Emulating Amplifies Learning, Tools for Sharing Work
Hi everyone! 👋,
Happy Tuesday! This is a piece about an epiphany I had this past week. It’s one that seems very obvious. But until you actually do it, you don’t fully appreciate the power of it.
Let’s get to it.
Emulating Amplifies Learning
Imagine reading an incredible essay or newsletter by an author you admire. Or reading the source code of a library that you love to use. Most of the time I read the information, learn something new, maybe take notes, and maybe reference them later. I’m starting to realize that might not be enough and I’m leaving a lot on the table.
I saw an old tweet that Andrej Karpathy, one of the foremost AI practitioners and former Director of AI at Tesla, created a 2.5 hr YouTube tutorial on basic concepts of neural networks. I immediately resolved to watch it in its entirety when I got home.
I not only watched the entire video tutorial but I paused it every 5-10 min, typed every line of code, tinkered with the code, and tried to put myself in his shoes.Â
Why did he write the Python class this way?
Why did he explain backpropagation the way he did?
How did he arrive at this explanation that is so simple to understand?
I now understand the basics of neural networks at a deeper level. My aha moment was thinking of a neural network as a computational graph with the following types of nodes:
a scalar node has a numeric value and a numeric gradient
operation nodes perform an operation such as addition and multiplication that convert input sibling scalar nodes into an output scalar node.
The numeric gradient for a scalar node tells a scalar node how to update its value to achieve some ideal prediction. Calculating gradients is the essence of all neural networks whether it’s a toy model or GPT-3. No matter how big and complicated the model is, calculating the gradient for each node just requires the following :
the values of the sibling nodes
the operator node it feeds into
the gradient of the output node that the sibling and operator nodes created
Below is a visualization of a section of the computation graph. w1, x1, w2, x2
are the input scalar nodes, the *
nodes are the operator nodes, and the result is 2 output nodes which are input scalar nodes themselves further downstream in the computational graph. This visualization is part of the neural network code you write in the tutorial.

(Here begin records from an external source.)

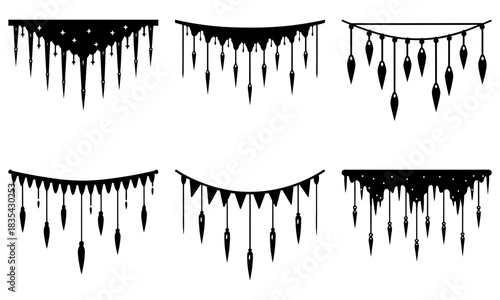 Collection of six decorative hanging banner designs with tassels in black silhouette style isolated art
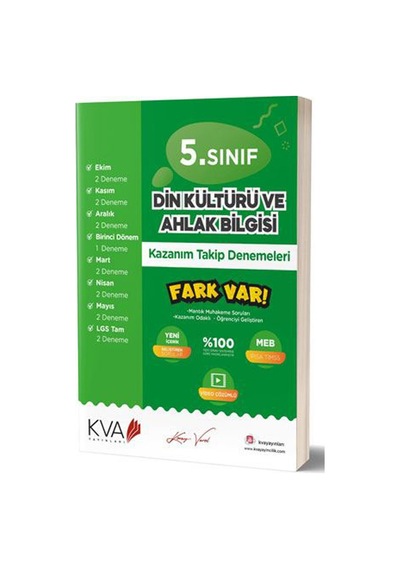 5. Sınıf Din Kültürü Ve Ahlak Bilgisi Kazanım Takip Denemeleri- KVA Yayınları
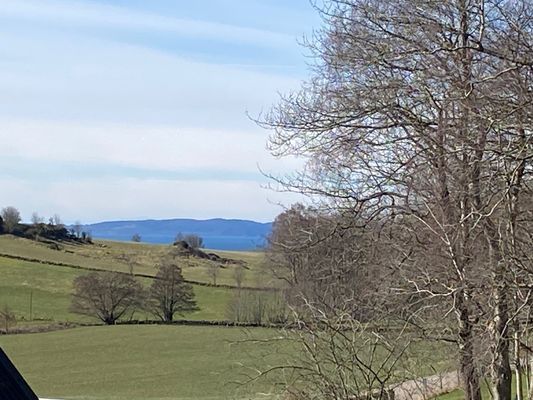 Utsikt från terrassen mot Skälderviken och Kullahalvön.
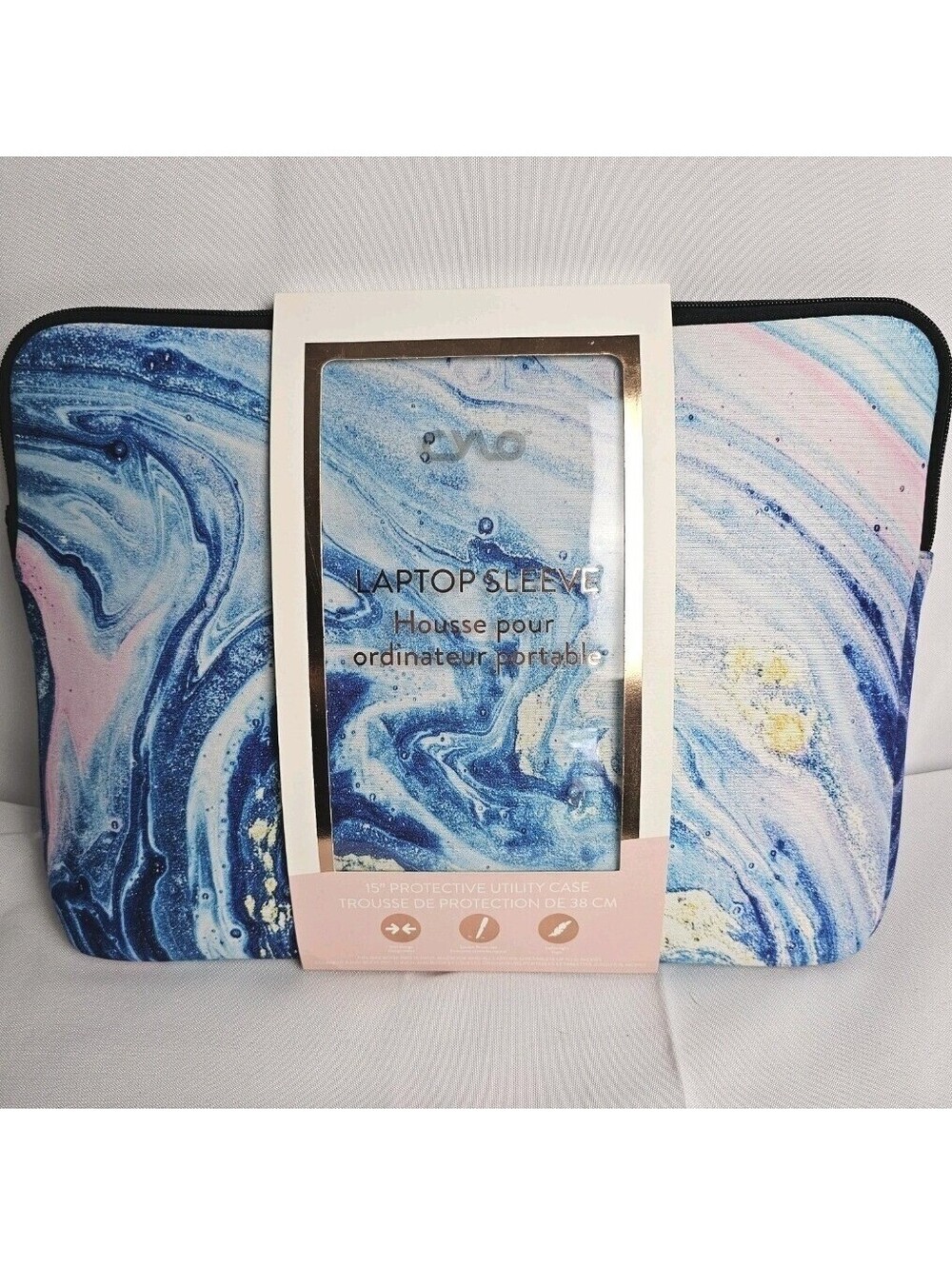 CYLO 15 Inch Laptop Sleeve Blue Pink Marble Slim Protective Utility Case New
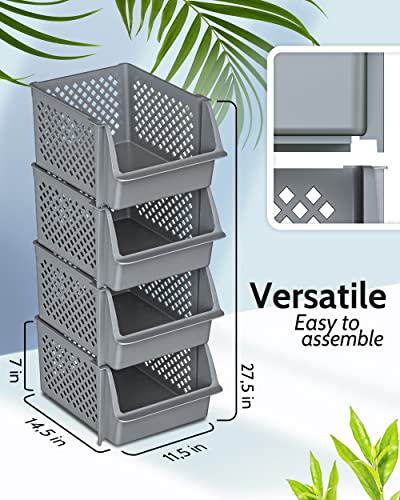 Skywin Stackable Storage Bins Open Front for Pantry Storage, 4 Pack - Grey - color: Gray, size: 4 Pack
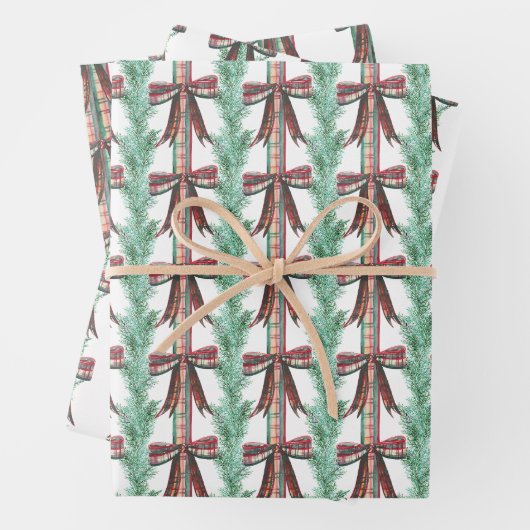 Waterverf Kerst Plaid Bow Garland Inpakpapier Vel (In situ)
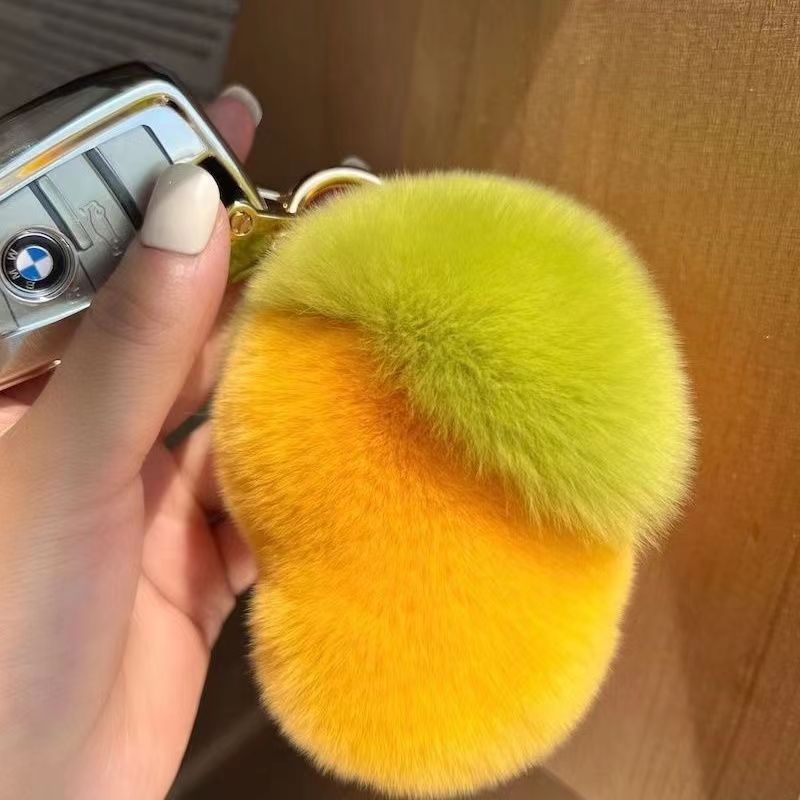 Cute Faux Rabbit Fur Mango Keychain - Car Charm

Pedagogy is baked into the tutorial code. How cool is that?!
Before the tutorial, I thought of neural networks as chained matrix multiplications and then you use a library like PyTorch that just magically calculates all the gradients. Stepping through the tutorial and building a toy neural network node by node and inspecting how the values and gradients change as the network trains was a huge boost in my understanding of the inner workings.
I felt I was able to achieve this boost in understanding because 1) I was willing to obsess over every detail in the tutorial and 2) Andrej Karpathy presented the materials in such a logical and coherent way that was easy to follow. It felt like you could achieve some flow state going through the tutorial in great detail. The cycle was
Watch Andrej Karpathy type out new code and his explanation of it
Pause the video and type out the new code myself in my own coding environment.
Inspect the results and play with the new code. This is arguably the most important step
Unpause and repeat the cycle
It was going through this cycle that I gained a better appreciation for what it means to know something so deeply that you can unlock deeper levels of understanding for others on the same topic.
I’m adding emulation to my pedagogical toolkit and plan to also type out some essays of my favorite writers as well to improve my writing skills.
Tools for Sharing Work
Let me just start off by saying GitHub is incredible for sharing software. But it doesn’t serve a very valuable usecase: an easy way to demonstrate your incredible software with an interactive user interface.
Enter Streamlit.
Streamlit allows anyone to build data apps with just Python scripts. The Python script renders React components under the hood so Streamlit acts like a bridge between Data Scientists who primarily work in Python and React. I wrote about my experiences further in my blog.
I think the biggest unlock for a tool like Streamlit is it removes friction for Python developers, especially those in the data and ML space who may not have front-end experience, to share their work.
Interesting reads and listens from the past week
Sam Altman (CEO of Open AI) talks about opportunities in the AI space. I agree with him that there’s a huge opportunity to tailor pre-trained models for custom domains and tasks rather than companies building models from scratch which would require collecting massive datasets.
Packy talks about writing down the future you envision and reverse-engineering the steps. He talks about the process being similar to the Amazon Future Press release exercise.
Great blog post from Hugging Face that describes how to run Large Language Models without having a lot of expensive machines on hand.